Communications Biology (Aug 2024)
Building a learnable universal coordinate system for single-cell atlas with a joint-VAE model
Abstract
Abstract A universal coordinate system that can ensemble the huge number of cells and capture their heterogeneities is of vital importance for constructing large-scale cell atlases as references for molecular and cellular studies.
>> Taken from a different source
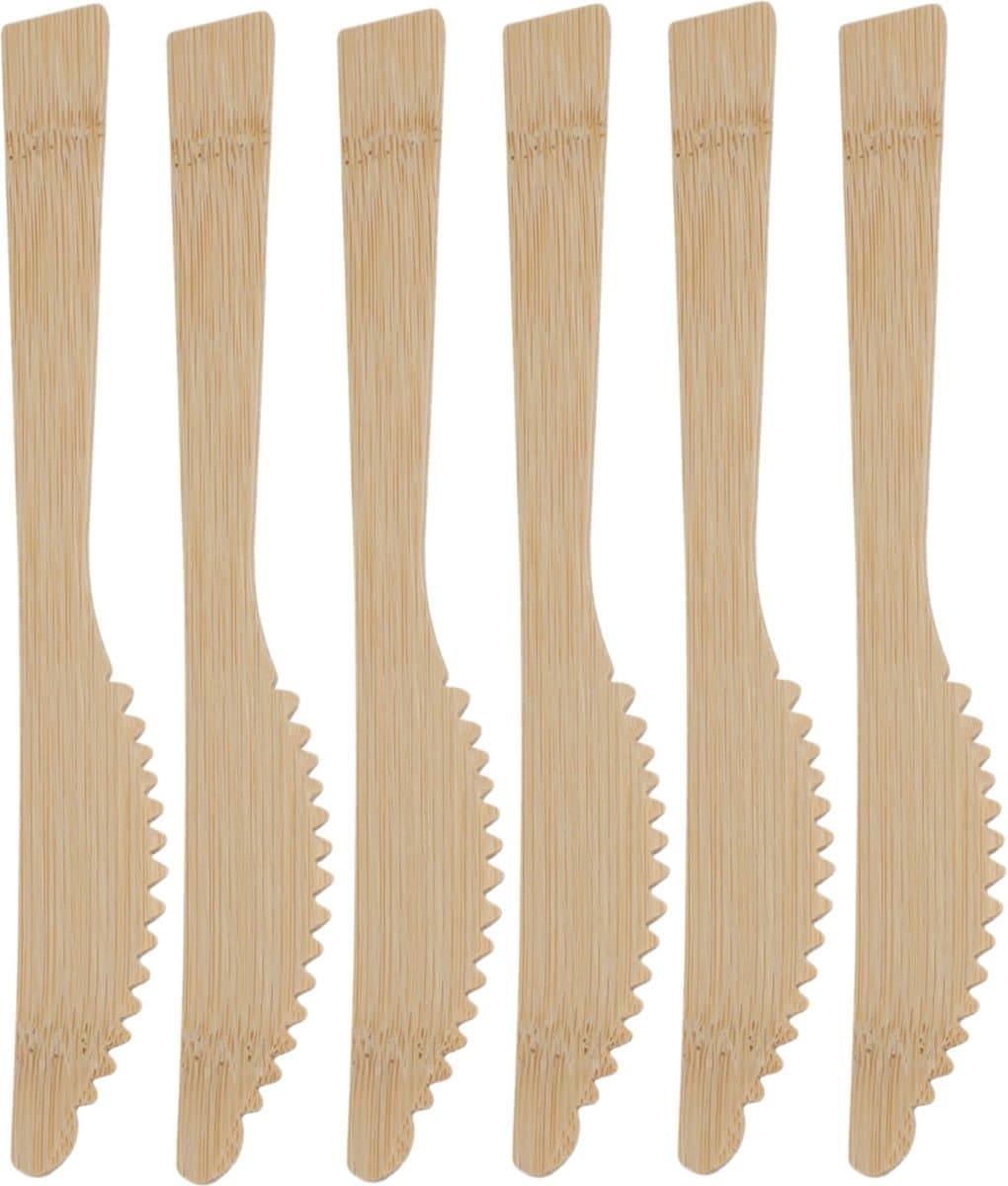 Herbruikbare bamboe bestekset - 18 stuks, 17 cm, lichtbruin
Studies have shown that cells exhibit multifaceted heterogeneities in their transcriptomic features at multiple resolutions. This nature of complexity makes it hard to design a fixed coordinate system through a combination of known features. It is desirable to build a learnable universal coordinate model that can capture major heterogeneities and serve as a controlled generative model for data augmentation. We developed UniCoord, a specially-tuned joint-VAE model to represent single-cell transcriptomic data in a lower-dimensional latent space with high interpretability. Each latent dimension can represent either discrete or continuous feature, and either supervised by prior knowledge or unsupervised. The latent dimensions can be easily reconfigured to generate pseudo transcriptomic profiles with desired properties. UniCoord can also be used as a pre-trained model to analyze new data with unseen cell types and thus can serve as a feasible framework for cell annotation and comparison. UniCoord provides a prototype for a learnable universal coordinate framework to enable better analysis and generation of cells with highly orchestrated functions and heterogeneities.